La Corte di Giustizia dell’Unione Europea, spiega ancora Vassallo Paleologo, ha “demolito due dei capisaldi delle motivazioni con cui le Capitanerie di Porto su evidente indirizzo ministeriale, e con l’ausilio di una specifica squadretta di ispettori, avevano ordinato il fermo amministrativo per diversi mesi, a partire proprio da quell’anno, delle navi Sea Watch 3 e Sea Watch 4. Nel caso della Sea Watch 4 la nave era rimasta bloccata nel porto di Palermo addirittura per sei mesi, e poteva ripartire soltanto nel mese di marzo del 2021”. “Per i giudici europei, e secondo la logica del diritto, non disgiunta da un minimo di umanità – continua – non possono essere considerati ‘passeggeri’ i naufraghi che vengono soccorsi in mare, e le navi delle Ong non possono essere costrette a dotarsi di ulteriori certificazioni dello Stato, che è obbligato a garantire il porto di sbarco (Pos), certificazioni che in passato le autorità italiane hanno invece richiesto a loro discrezione.
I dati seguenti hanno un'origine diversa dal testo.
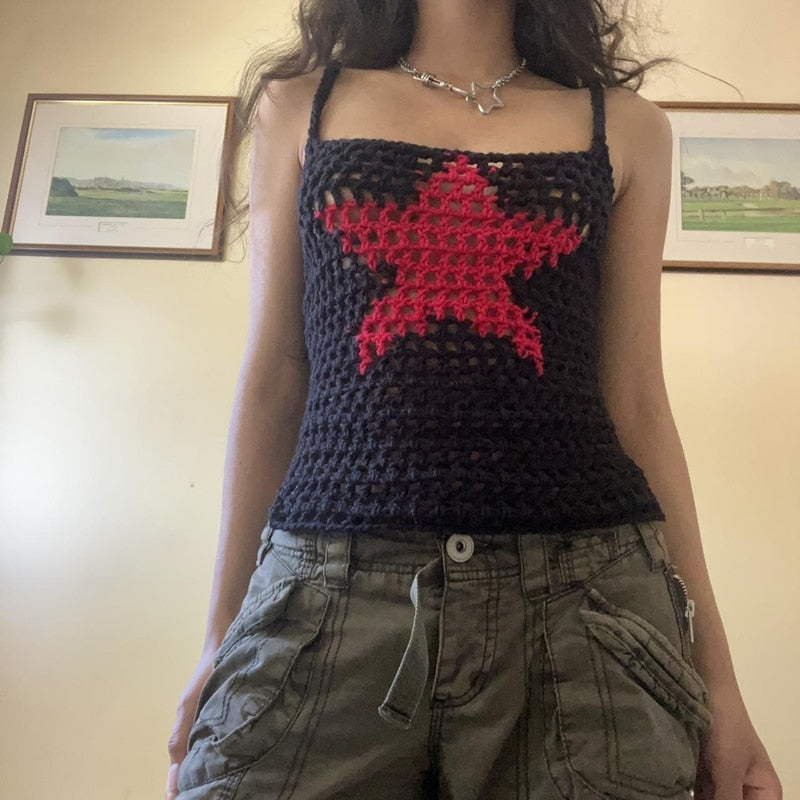Pixies Punk Crochet Tank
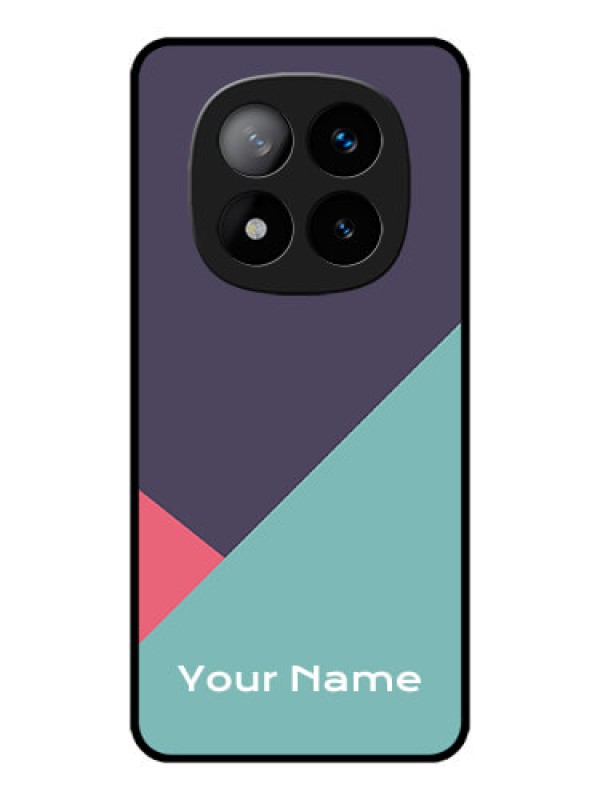 Custom Redmi Note 14 Pro Plus 5G Custom Metal Phone CaseTri Color Abstract Design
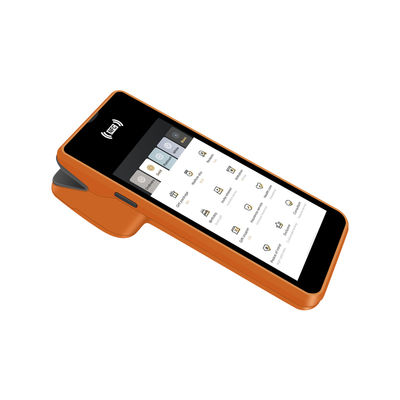 5.45 pulgadas portátil de mano Pos Machine Smart NFC Terminal de pago móvil Sistema Orange Pos con impresora de cámara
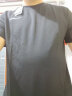 鸿星尔克短袖男夏季男士跑步冰感透气健身冰丝速干衣男款T恤运动上衣t恤男 正黑-冰感2124 3XL (180-185cm/150-160斤) 实拍图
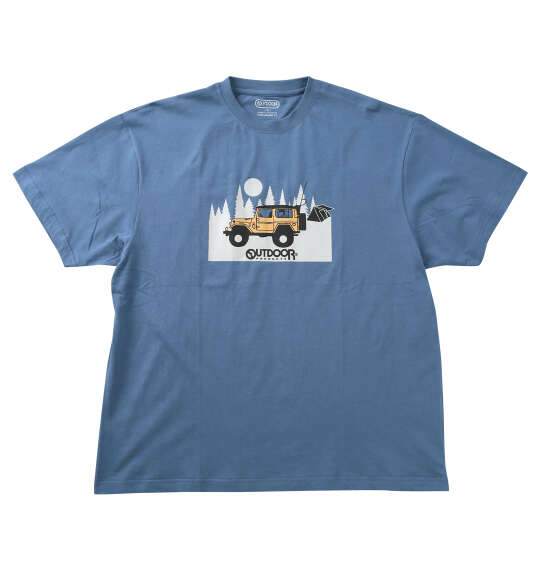 OUTDOOR PRODUCTS 天竺半袖Tシャツ ブルーグレー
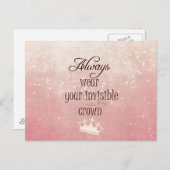 常に衣服ザインビジブルクラウン引用文 ポストカード (正面/裏面)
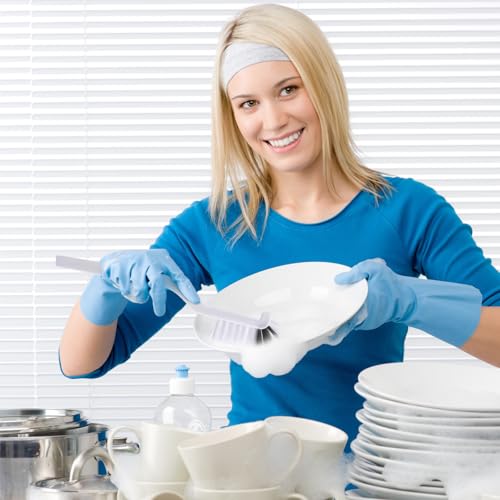 3-Piece Right Angle Kitchen Scrub Brush Set for Deep Cleaning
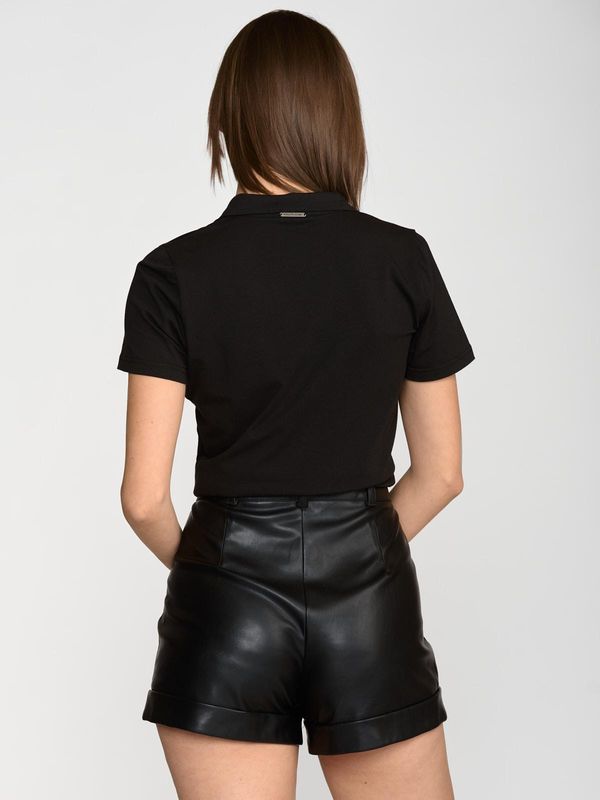 Nastrovje Potsdam Pussy Deluxe Classic Black Damen Kurzarmbluse schwarz Fabrikpreis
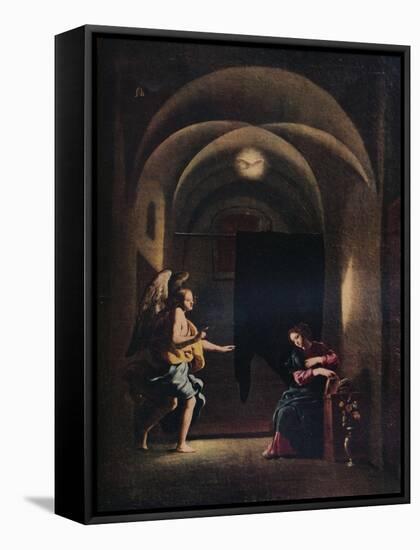 'The Annunciation', c1625-1630 (1931)-Giovanni Battista Caracciolo-Framed Stretched Canvas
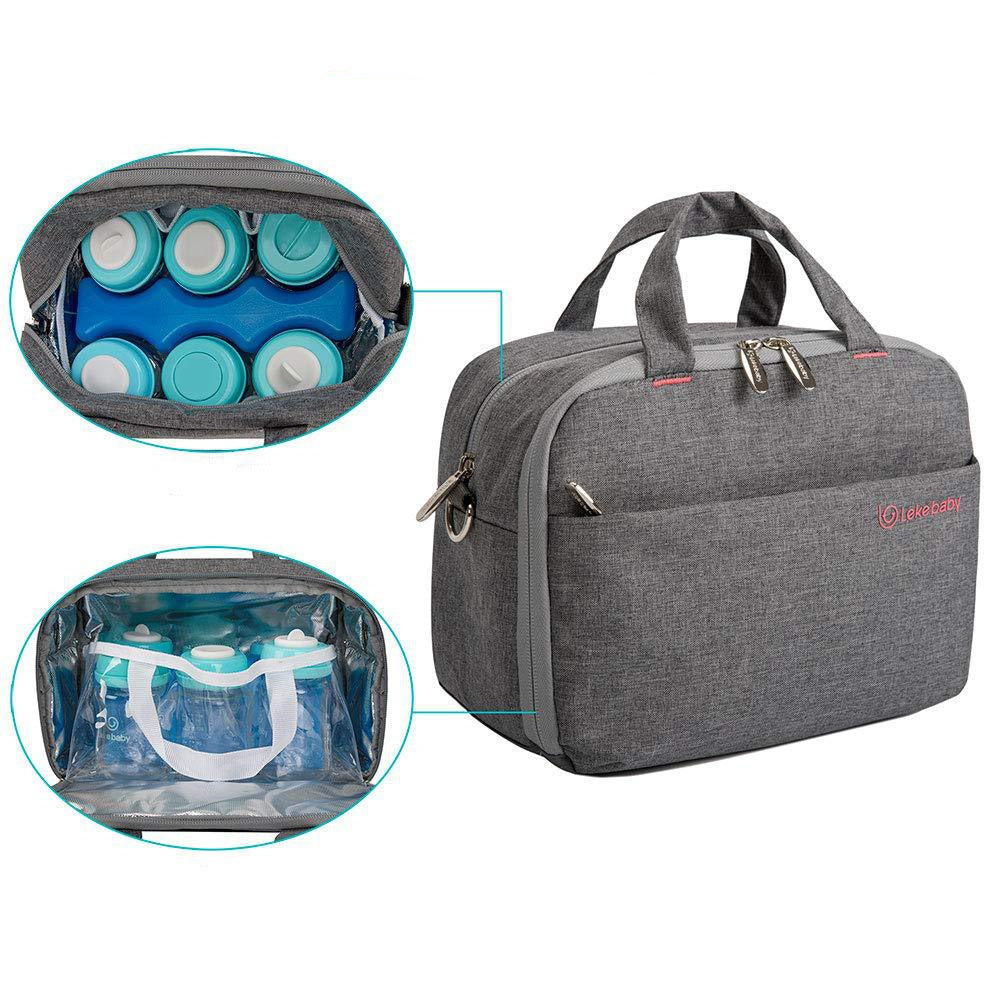 Unisex cooler bag with two opening types and insulating interior Bowlift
Nel caso dell’Italia queste certificazioni non sono peraltro previste neppure dai registri del naviglio civile ed erano frutto di richieste arbitrarie da parte delle autorita’ amministrative”.
“Dopo i provvedimenti illegittimi di chiusura dei porti adottati da Salvini – prosegue Vassallo Paleologo – quando occupava il Viminale (che adesso si vuole “riprendere”), la gestione del ministro dell’interno Lamorgese, ancora in carica per pochi mesi, si era caratterizzata proprio per l’adozione sistematica di provvedimenti di fermo amministrativo delle navi civili che operavano soccorsi nel Mediterraneo centrale. Con l’evidente scopo di dissuadere e di criminalizzare i soccorsi umanitari in acque internazionali, in modo da lasciare spazio libero per gli interventi di sequestro in alto mare, spacciati per soccorsi, operati dalle unità della sedicente Guardia costiera libica, sostenuta dalle autorità italiane con finanziamenti e missioni militari in Libia”.
“A partire dal 2020 la misura del fermo amministrativo è diventata lo strumento ordinario di contrasto delle attività di ricerca e soccorso che le navi delle Ong tentano ancora di operare nelle acque internazionali del Mediterraneo centrale. Tra il 9 ottobre e il 31 dicembre 2020 ben sei navi delle Ong risultavano bloccate in porto per effetto di provvedimenti di fermo amministrativo (Sea Watch 3, Sea Watch 4, Eleonore, Alan Kurdi, Ocean Viking e Louise Michel). Le informazioni su questi casi sono state sempre molto frammentarie. Ancora nel corso del 2021 le misure di fermo amministrativo avevano colpito in modo sistematico le navi delle Ong dopo l’ingresso in porto e lo sbarco dei naufraghi”.